**WORK TO COMPLETE**
Make an exact copy of all the records that follow, apart from the pictures.

**MATERIALS PROVIDED**
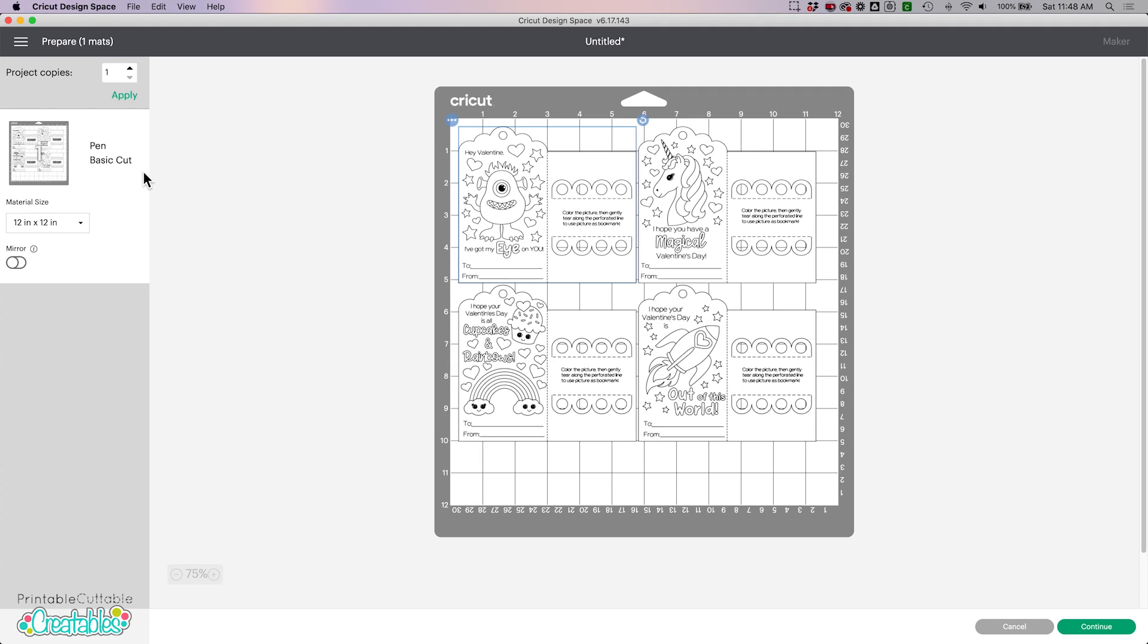If you purchased the print and cut only version of this file and you would also like to have a sketch version, you don't need to purchase this again. Just send me an email with your order number and I will be happy to send you the updated file.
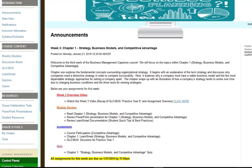Welcome to the third week of the Business Management Capstone course. I'd like to thank each team for meeting with me within the last two weeks. There were great sessions and excellent questions. Hopefully I was able to answer all of them. If not, feel free to reach out to me.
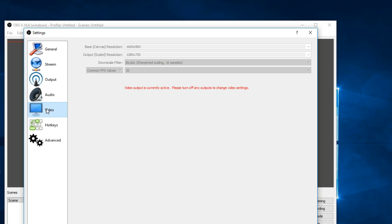I can't remember exactly how it comes, but make sure your base canvas is 16 by 9 and your output is 1280 by 720. Again with the common frame rates, I use 30 because I'm not using the best computer, but you can put that up to 60 if you have a good computer.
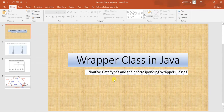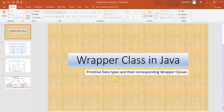In this video we will discuss wrapper classes in Java. We all know Java is not a pure object-oriented programming language; the reason behind that is it works on primitive data types. To use primitive data types in the form of objects, we use wrapper classes. In Java there are a total of eight primitive data types and we need eight different wrapper classes. Already in built-in Java we have eight wrapper classes corresponding to eight primitive data types.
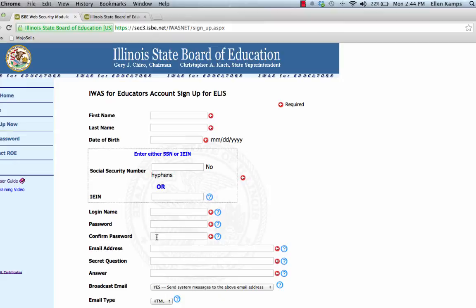It's very important that you put your email address in. The Illinois State Board has gone paperless. When they contact you, they will be doing it by your email address.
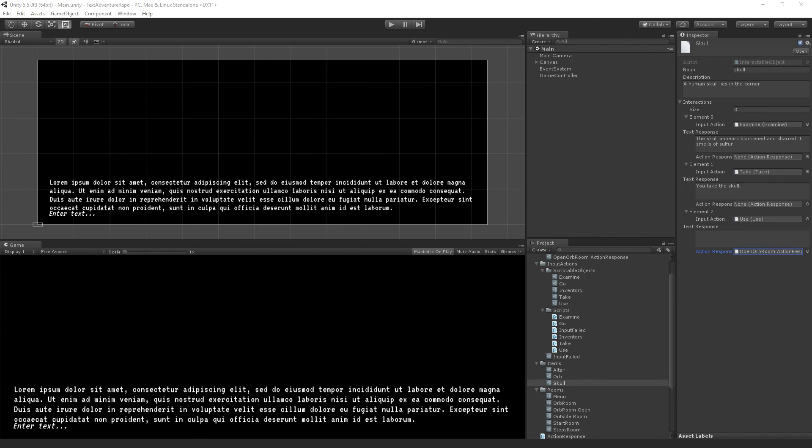And so the next step is that we are going to create our script for our interactable object, and we're going to use that to display descriptions of objects in the room.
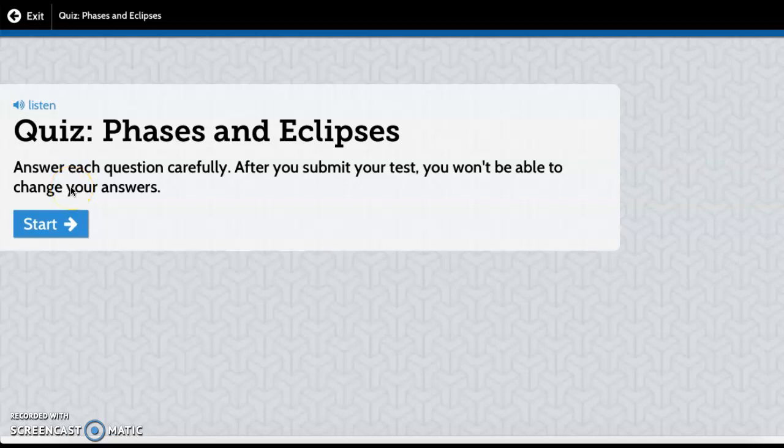Quiz: Phases and Eclipses. Answer each question carefully. After you submit your test, you won't be able to change your answers.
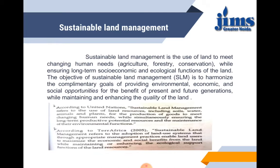Sustainable land management. SLM is a use of land to meet the changing human needs — agriculture, forestry, conservation — while ensuring long-term socio-economic and ecological functions of the land. The objective of SLM is to harmonize the complementary goals of providing environmental, economic and social opportunities for the benefit of present and future generations while maintaining and enhancing the quality of land.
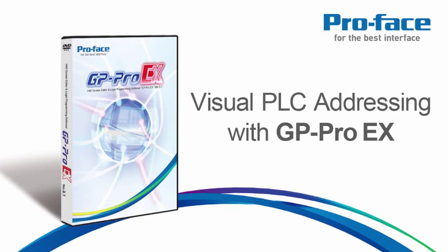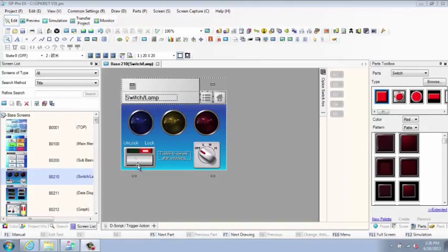Visual PLC Addressing. Visual addressing prevents mistakes and saves time in programming.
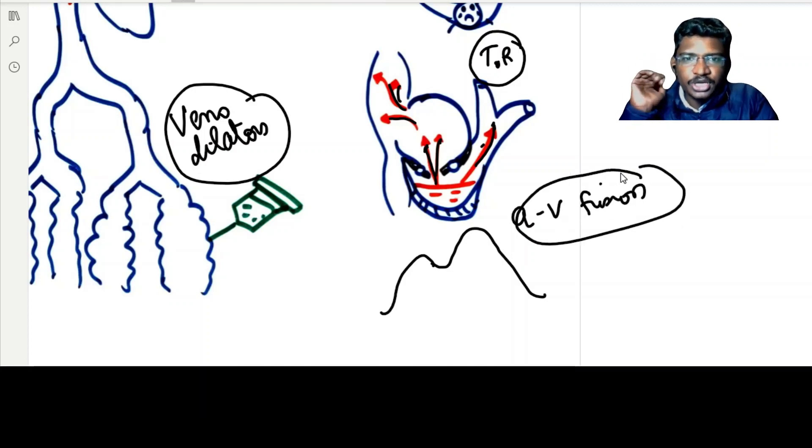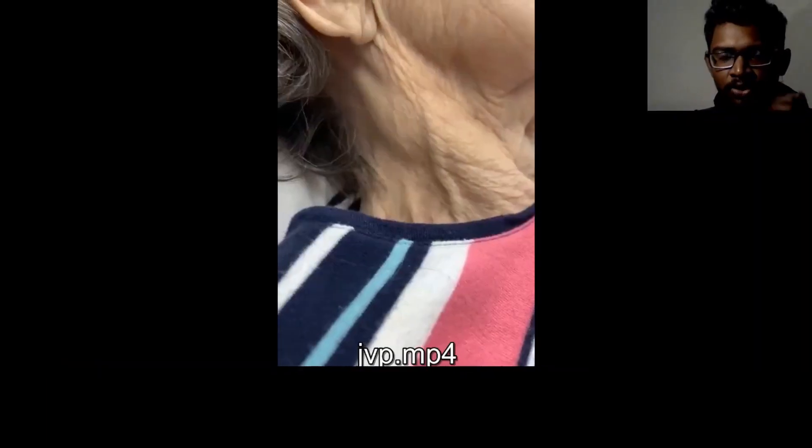AV fusion is seen in tricuspid regurgitation. In JVP, it is always better to correlate with simultaneous auscultatory features. If you find any positive wave between S2 and S1, it is definitely an A wave. If you find any positive wave between S1 and S2, it might be a V wave. In a normal JVP pulsation there should be two upstrokes and two downstrokes, but here you can see two upstrokes coming but only one downstroke. With simultaneous auscultation, in diastole you get one small A wave and a large V wave occurring in systole, and X descent is absent. This is classically seen in tricuspid regurgitation — a sign called Lancisi's sign.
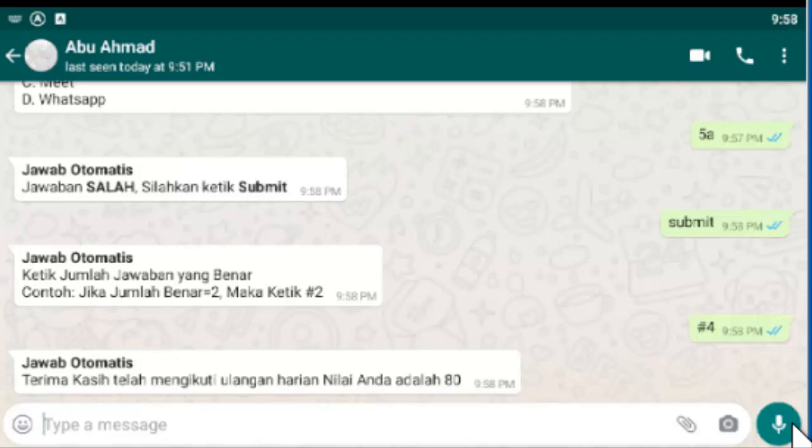Seperti inilah proses ulangan ujian ataupun latihan ataupun nantinya tugas yang bisa digunakan dengan menggunakan fasilitas WhatsApp dalam pembelajaran daring di masa Pandemi COVID-19 ini. Semoga bermanfaat untuk Bapak Ibu semua. Demikian. Assalamualaikum warahmatullahi wabarakatuh.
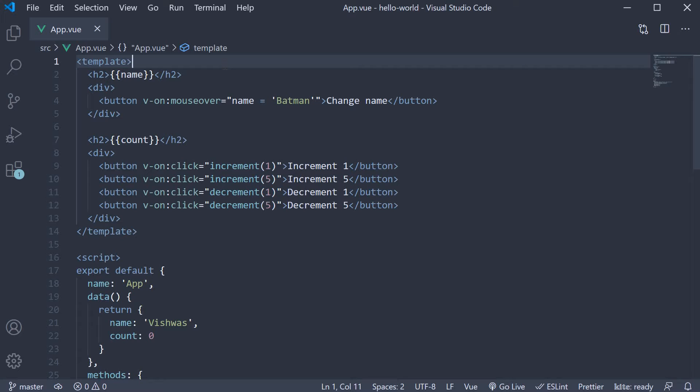The first point is about the shorthand syntax. As you might have already guessed, binding to events is pretty common in web applications.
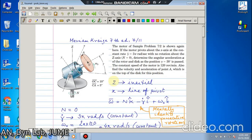Now we will work out two or three problems on 3D kinematics of rigid bodies. This problem we have already seen once in our first series of lectures — it involves a motor mounted on a turntable.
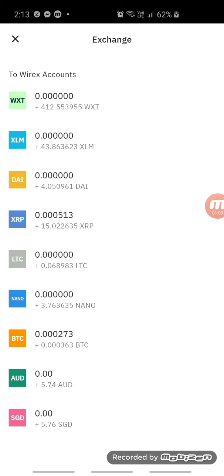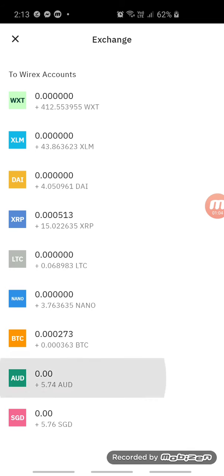As you can see right down here on the screen, there are three icons: the plus, the arrow to the right, and then two arrows. Those two arrows are called exchange. So click on those two arrows for exchange, and then I am going to exchange it to Australian dollars, so I click on AUD.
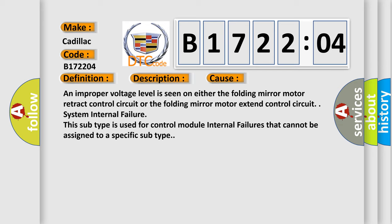An improper voltage level is seen on either the folding mirror motor retract control circuit or the folding mirror motor extend control circuit. System internal failure.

**PROBLEM SOLUTION**
If you purchased the print and cut only version of this file and you would also like to have a sketch version, you don't need to purchase this again. Just send me an email with your order number and I will be happy to send you the updated file.
Welcome to the third week of the Business Management Capstone course. I'd like to thank each team for meeting with me within the last two weeks. There were great sessions and excellent questions. Hopefully I was able to answer all of them. If not, feel free to reach out to me.
I can't remember exactly how it comes, but make sure your base canvas is 16 by 9 and your output is 1280 by 720. Again with the common frame rates, I use 30 because I'm not using the best computer, but you can put that up to 60 if you have a good computer.
In this video we will discuss wrapper classes in Java. We all know Java is not a pure object-oriented programming language; the reason behind that is it works on primitive data types. To use primitive data types in the form of objects, we use wrapper classes. In Java there are a total of eight primitive data types and we need eight different wrapper classes. Already in built-in Java we have eight wrapper classes corresponding to eight primitive data types.
It's very important that you put your email address in. The Illinois State Board has gone paperless. When they contact you, they will be doing it by your email address.
And so the next step is that we are going to create our script for our interactable object, and we're going to use that to display descriptions of objects in the room.
Quiz: Phases and Eclipses. Answer each question carefully. After you submit your test, you won't be able to change your answers.
Sustainable land management. SLM is a use of land to meet the changing human needs — agriculture, forestry, conservation — while ensuring long-term socio-economic and ecological functions of the land. The objective of SLM is to harmonize the complementary goals of providing environmental, economic and social opportunities for the benefit of present and future generations while maintaining and enhancing the quality of land.
Visual PLC Addressing. Visual addressing prevents mistakes and saves time in programming.
AV fusion is seen in tricuspid regurgitation. In JVP, it is always better to correlate with simultaneous auscultatory features. If you find any positive wave between S2 and S1, it is definitely an A wave. If you find any positive wave between S1 and S2, it might be a V wave. In a normal JVP pulsation there should be two upstrokes and two downstrokes, but here you can see two upstrokes coming but only one downstroke. With simultaneous auscultation, in diastole you get one small A wave and a large V wave occurring in systole, and X descent is absent. This is classically seen in tricuspid regurgitation — a sign called Lancisi's sign.
Seperti inilah proses ulangan ujian ataupun latihan ataupun nantinya tugas yang bisa digunakan dengan menggunakan fasilitas WhatsApp dalam pembelajaran daring di masa Pandemi COVID-19 ini. Semoga bermanfaat untuk Bapak Ibu semua. Demikian. Assalamualaikum warahmatullahi wabarakatuh.
The first point is about the shorthand syntax. As you might have already guessed, binding to events is pretty common in web applications.
Now we will work out two or three problems on 3D kinematics of rigid bodies. This problem we have already seen once in our first series of lectures — it involves a motor mounted on a turntable.
As you can see right down here on the screen, there are three icons: the plus, the arrow to the right, and then two arrows. Those two arrows are called exchange. So click on those two arrows for exchange, and then I am going to exchange it to Australian dollars, so I click on AUD.
An improper voltage level is seen on either the folding mirror motor retract control circuit or the folding mirror motor extend control circuit. System internal failure.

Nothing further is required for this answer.